A keto diet derives 99% of calories from fat and protein, with the remaining 1% coming from carbohydrates. Celebrities such as LeBron James, Kim Kardashian, and Gwyneth Paltrow have praised the keto diet as an effective diet to lose weight. Due to their endorsements of the diet, it has enjoyed a recent spike in popularity.
The Yale researchers discovered that the keto diet’s impact – positive and negative – is primarily due to immune cells known as gamma delta T cells. These T cells are tissue-protective cells responsible for lowering the risk of diabetes and inflammation.
Lead author Vishwa Deep Dixit from the Yale School of Medicine explained that a keto diet effectively manipulates the body into burning fat. Because the diet has a very low carbohydrate content, one’s glucose level is greatly reduced, tricking the body into acting like it’s in the midst of starvation. Thus, the body switches its primary fuel source to fats rather than carbohydrates. Chemicals known as ketone bodies are yielded from this process. As ketone bodies are burned, tissue-protective gamma delta T cells proliferate in the body. According to Dixit, a keto diet results in an overall reduction in diabetes risk and inflammation, thereby improving metabolism. Inflammation and blood sugar levels in mice were reduced after being on the keto diet for a week.
Researchers observed that, while the body is in a starvation state, fat breakdown and fat storage both occur. Dixit said mice on the keto diet for longer than a week consumed more fat than they were able to burn and developed obesity and diabetes.
“They lose the protective gamma delta T cells in the fat,” remarked Dixit in a press release. “Before such a diet can be prescribed, a large clinical trial in controlled conditions is necessary to understand the mechanism behind metabolic and immunological benefits or any potential harm to individuals who are overweight and prediabetic.”

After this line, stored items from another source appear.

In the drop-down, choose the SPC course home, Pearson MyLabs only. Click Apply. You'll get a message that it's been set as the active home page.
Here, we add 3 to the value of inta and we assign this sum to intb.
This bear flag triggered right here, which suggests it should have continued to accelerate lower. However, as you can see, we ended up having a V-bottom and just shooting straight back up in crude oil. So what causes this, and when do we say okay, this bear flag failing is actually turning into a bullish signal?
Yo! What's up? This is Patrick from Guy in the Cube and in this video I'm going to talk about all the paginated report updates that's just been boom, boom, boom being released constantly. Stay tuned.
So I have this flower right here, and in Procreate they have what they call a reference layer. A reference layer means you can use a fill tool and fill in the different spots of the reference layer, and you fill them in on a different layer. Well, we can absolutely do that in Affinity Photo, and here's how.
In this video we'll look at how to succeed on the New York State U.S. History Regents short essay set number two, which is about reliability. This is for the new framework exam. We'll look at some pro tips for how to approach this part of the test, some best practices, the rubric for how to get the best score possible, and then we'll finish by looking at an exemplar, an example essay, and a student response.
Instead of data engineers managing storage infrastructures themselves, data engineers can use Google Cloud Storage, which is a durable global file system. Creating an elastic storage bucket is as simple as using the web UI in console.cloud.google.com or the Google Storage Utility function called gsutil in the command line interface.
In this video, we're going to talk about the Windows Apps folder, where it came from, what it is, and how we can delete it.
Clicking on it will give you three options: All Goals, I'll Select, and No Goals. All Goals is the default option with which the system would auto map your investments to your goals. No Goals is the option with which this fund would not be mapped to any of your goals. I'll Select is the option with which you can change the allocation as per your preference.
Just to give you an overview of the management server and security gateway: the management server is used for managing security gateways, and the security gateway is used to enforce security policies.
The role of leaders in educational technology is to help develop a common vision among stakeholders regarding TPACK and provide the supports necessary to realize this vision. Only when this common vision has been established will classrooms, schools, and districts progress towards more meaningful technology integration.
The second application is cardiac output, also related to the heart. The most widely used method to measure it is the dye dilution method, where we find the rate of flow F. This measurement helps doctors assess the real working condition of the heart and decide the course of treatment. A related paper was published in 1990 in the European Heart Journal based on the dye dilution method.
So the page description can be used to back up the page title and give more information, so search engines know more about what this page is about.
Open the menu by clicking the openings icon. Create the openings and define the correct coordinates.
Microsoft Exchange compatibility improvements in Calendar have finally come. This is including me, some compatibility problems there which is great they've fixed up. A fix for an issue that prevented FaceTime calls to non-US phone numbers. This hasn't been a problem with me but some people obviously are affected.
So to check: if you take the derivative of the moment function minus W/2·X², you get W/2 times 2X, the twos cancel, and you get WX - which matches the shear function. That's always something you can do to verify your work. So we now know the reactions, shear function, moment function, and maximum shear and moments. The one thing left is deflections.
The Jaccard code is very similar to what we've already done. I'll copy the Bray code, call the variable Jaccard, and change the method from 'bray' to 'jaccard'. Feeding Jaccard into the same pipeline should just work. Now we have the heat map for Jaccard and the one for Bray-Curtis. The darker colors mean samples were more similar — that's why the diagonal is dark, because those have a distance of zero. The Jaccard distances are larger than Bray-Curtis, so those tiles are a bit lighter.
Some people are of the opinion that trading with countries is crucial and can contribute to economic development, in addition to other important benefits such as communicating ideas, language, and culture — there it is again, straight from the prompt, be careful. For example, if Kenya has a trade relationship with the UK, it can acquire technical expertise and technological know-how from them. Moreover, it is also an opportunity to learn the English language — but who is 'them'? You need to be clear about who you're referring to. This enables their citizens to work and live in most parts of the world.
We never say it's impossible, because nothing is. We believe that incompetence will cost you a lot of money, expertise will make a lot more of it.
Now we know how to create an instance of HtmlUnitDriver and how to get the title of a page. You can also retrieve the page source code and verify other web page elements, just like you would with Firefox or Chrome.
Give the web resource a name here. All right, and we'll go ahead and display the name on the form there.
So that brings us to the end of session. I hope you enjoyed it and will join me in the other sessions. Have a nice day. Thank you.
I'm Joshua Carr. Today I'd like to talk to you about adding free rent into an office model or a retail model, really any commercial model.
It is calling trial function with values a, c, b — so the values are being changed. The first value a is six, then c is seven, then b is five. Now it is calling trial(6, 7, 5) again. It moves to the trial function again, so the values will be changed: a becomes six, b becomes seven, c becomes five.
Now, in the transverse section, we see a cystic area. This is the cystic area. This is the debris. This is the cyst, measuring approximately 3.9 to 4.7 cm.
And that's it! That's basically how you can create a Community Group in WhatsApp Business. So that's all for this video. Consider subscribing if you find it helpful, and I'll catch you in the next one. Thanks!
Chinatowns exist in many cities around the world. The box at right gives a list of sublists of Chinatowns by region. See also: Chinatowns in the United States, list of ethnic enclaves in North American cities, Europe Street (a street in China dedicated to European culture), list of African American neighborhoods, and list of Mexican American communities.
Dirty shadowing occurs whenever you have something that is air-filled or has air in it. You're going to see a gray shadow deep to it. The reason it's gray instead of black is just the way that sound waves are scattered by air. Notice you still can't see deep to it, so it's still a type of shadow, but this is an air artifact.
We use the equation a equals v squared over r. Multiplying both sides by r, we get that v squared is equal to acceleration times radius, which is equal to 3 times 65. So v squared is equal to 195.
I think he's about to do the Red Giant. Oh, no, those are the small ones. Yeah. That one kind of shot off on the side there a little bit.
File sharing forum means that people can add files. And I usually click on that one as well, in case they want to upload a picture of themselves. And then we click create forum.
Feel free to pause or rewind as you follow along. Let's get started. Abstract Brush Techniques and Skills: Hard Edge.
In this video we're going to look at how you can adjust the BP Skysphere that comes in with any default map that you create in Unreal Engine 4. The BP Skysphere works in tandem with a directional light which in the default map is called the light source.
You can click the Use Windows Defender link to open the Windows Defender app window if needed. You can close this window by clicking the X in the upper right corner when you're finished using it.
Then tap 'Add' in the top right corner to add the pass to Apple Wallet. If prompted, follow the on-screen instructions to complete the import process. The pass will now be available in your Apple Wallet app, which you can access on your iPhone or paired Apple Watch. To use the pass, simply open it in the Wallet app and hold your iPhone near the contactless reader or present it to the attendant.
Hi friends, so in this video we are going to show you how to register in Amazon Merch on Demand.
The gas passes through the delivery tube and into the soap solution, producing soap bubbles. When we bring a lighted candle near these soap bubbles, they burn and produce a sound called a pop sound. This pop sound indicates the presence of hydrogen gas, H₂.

Emily Goldberg, postdoctoral fellow in comparative medicine at Yale, was the scientist who discerned that the keto diet results in a proliferation of gamma delta T cells in mice. Goldberg wrote, “Our findings highlight the interplay between metabolism and the immune system, and how it coordinates maintenance of healthy tissue function.”
Long-term human clinical studies are necessary to confirm the keto diet’s health benefits. With about 84 million prediabetic American adults according to the Centers for Disease Control, this research could be critical to reducing the risk of many chronic illnesses, including stroke, type 2 diabetes, and heart disease.